(Beginning of Records for this exercise)

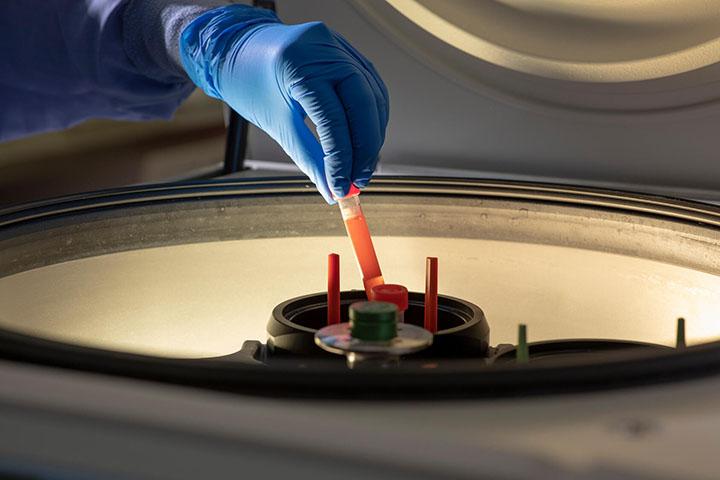 Ph.D. graduates share experience tackling heart disease research in Mayo Clinic laboratories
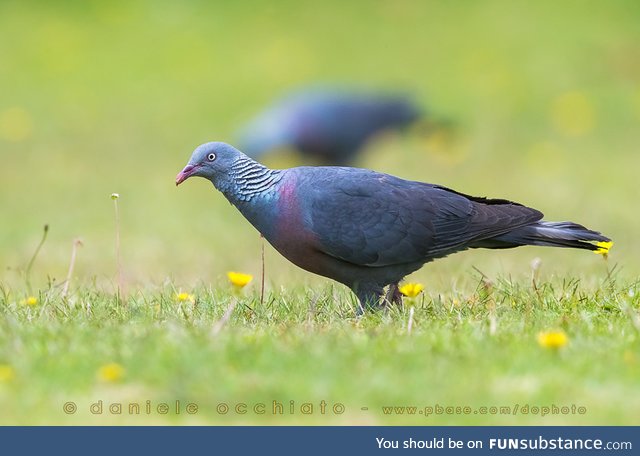 Trocaz pigeon (Columba trocaz) - PigeonSubstance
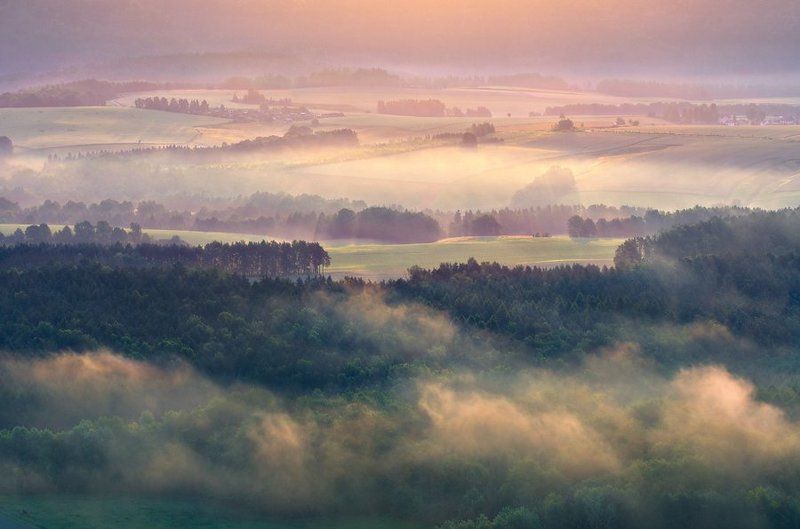 Саксония фото превью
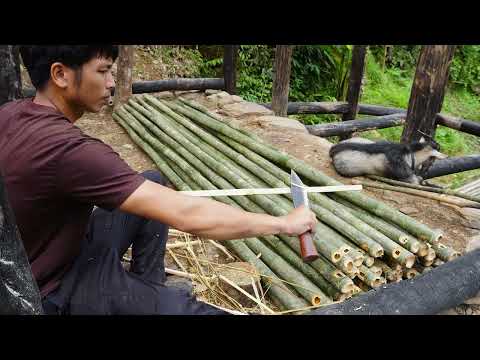 Thatching the Roof with Palm Leaves Building a Bushcraft
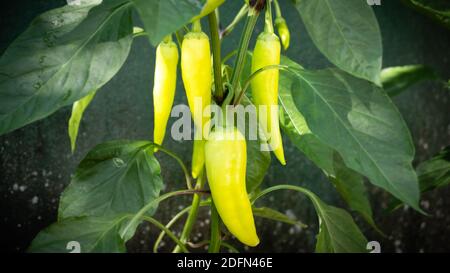 agriculture biologique de poivre de banane dans le jardin de la maison Banque D'Images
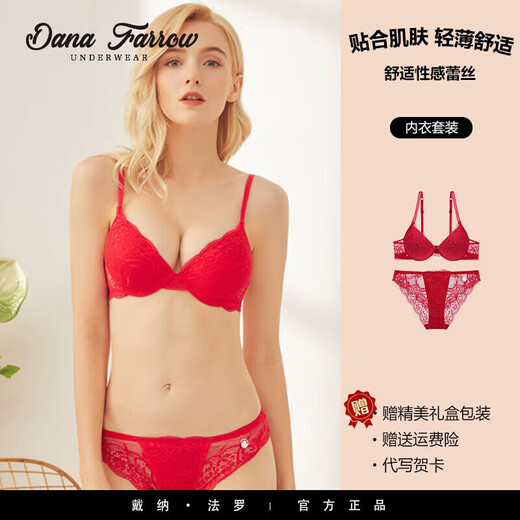 DANA FARROW new European and American sexy women's birth year underwear lace push-up adjustable bra set push-up comfortable bra blue 75B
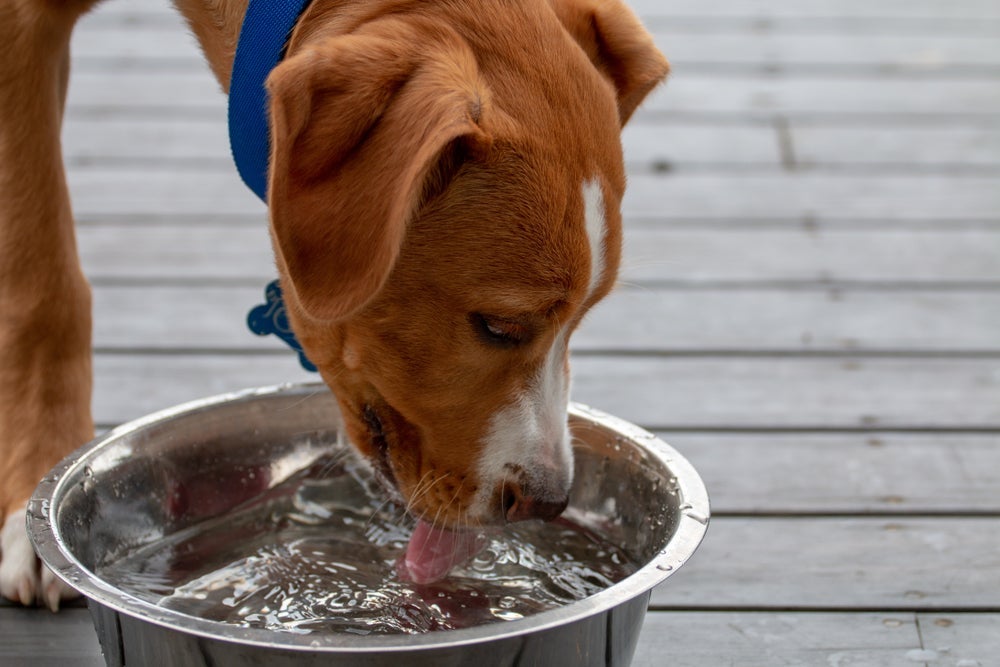 Estimular o consumo de água ajuda a prevenir problemas urinários em cães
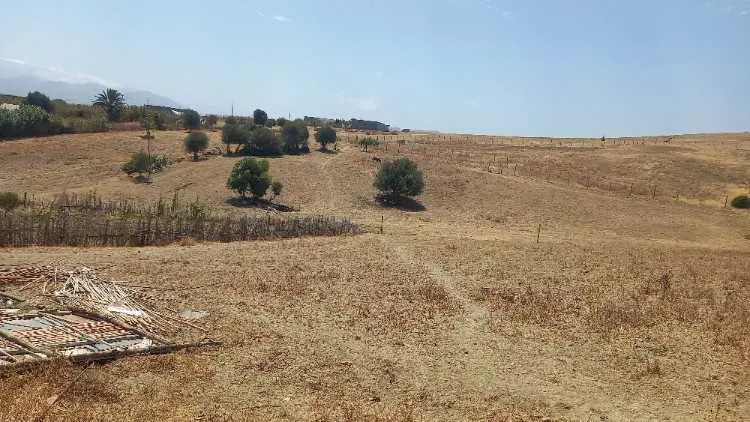 Terain agricole à vendre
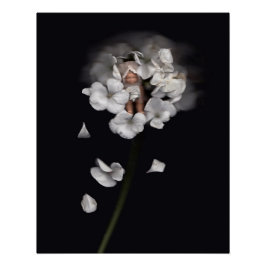 Bloem feeën 1 perfect poster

(End of Records for this exercise)

### Task
Pictures are to be left out; otherwise, retype exactly the lines from the first line of the data through the line containing "agriculture biologique de".

### Answer to this problem
 Ph.D. graduates share experience tackling heart disease research in Mayo Clinic laboratories
 Trocaz pigeon (Columba trocaz) - PigeonSubstance
 Саксония фото превью
 Thatching the Roof with Palm Leaves Building a Bushcraft
 agriculture biologique de poivre de banane dans le jardin de la maison Banque D'Images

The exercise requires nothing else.